CHARLESTON, SC – October 4, 3009 –  A new national research reports shows that student achievement in South Carolina has improved in recent years, but results on achievement gaps remain mixed.

The 50-state study by the independent Center on Education Policy looked at elementary-grade PACT scores from 2002 to 2008 and at High School Assessment Program scores from 2004 to 2008.  CEP found that student scores had improved at all achievement levels, but that achievement gaps for minority and low-income students had narrowed only in high schools.  Gaps remained mixed in middle schools and widened in elementary schools.

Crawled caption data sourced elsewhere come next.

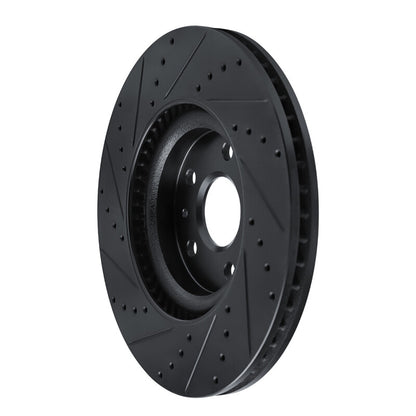 R1 Concepts R1 13-19 Buick Regal Front Right Drilled & Slotted Black Brake Rotor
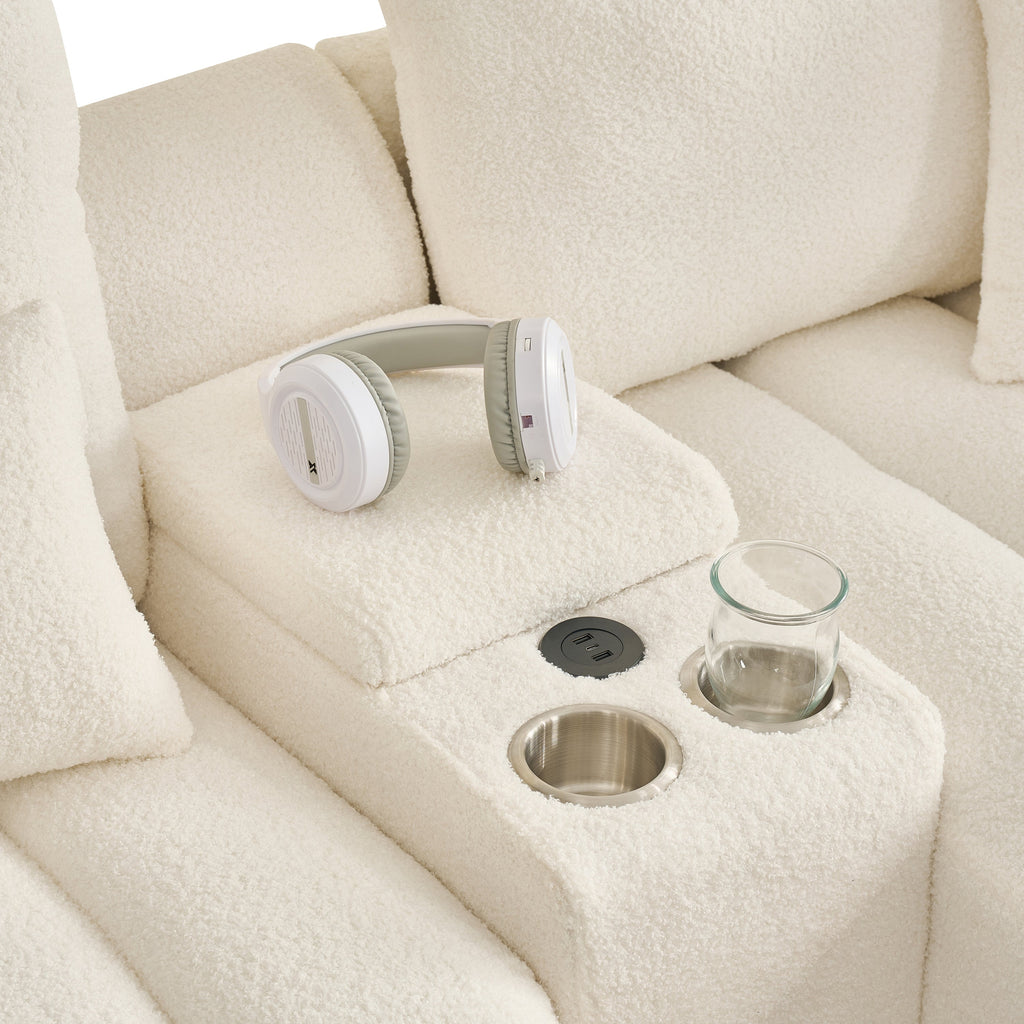 92-inch high-quality teddy fur fabric corner sofa, with USB port, center console and coffee table. A super large cushioned sofa, suitable for grand living rooms, apartments and offices.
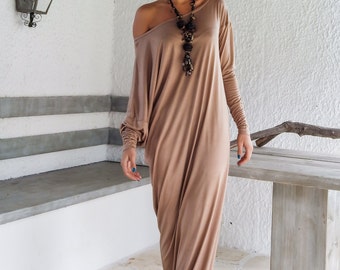 Maxi Dress / Kaftan / Taupe Maxi Dress / Plus Size Dress / Long Sleeve Dress / Summer Dress / Evening Dress / Women Maxi Dress /  #35045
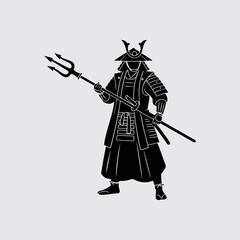 Japanese Samurai Warrior Silhouette Holding Trident Spear Isolated on grey Background
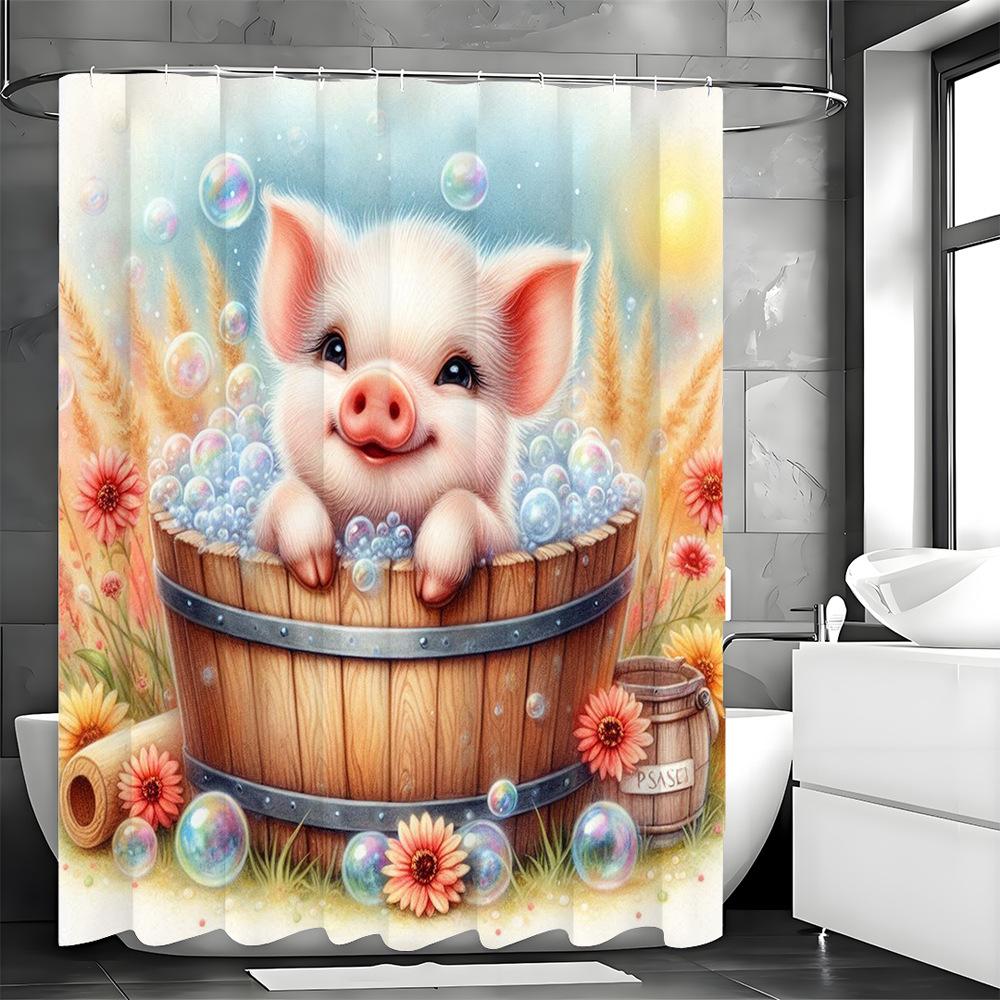 Farmhouse Pig Bath Time Shower Curtain Washable Dirt-Resistant Shower Head waterproof Polyester Bath Curtain For Home Decor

The CEP report is the second study this year to show mixed results for South Carolina schools in addressing achievement gaps.  A U.S. Department of Education report in July looked at scores on the federally mandated National Assessment of Educational Progress and found that mathematics and reading test scores had improved for both minority and nonminority students.  Scoring gaps between the two groups had narrowed in math but not in reading.

Both studies said that achievement gaps remain a significant issue for all states.

“The good news for South Carolina is that both reports show higher student achievement,” said State Superintendent of Education Jim Rex.  “But when scores for both groups are improving, scores for minority students have to improve at an even faster rate in order to narrow these gaps.” 

Rex said the South Carolina Department of Education’s Palmetto Priority Schools program, an intensive effort to assist more than 40 low-achieving schools that serve high-poverty communities (average poverty levels of about 95 percent), holds promise as a way to focus resources on narrowing achievement gaps.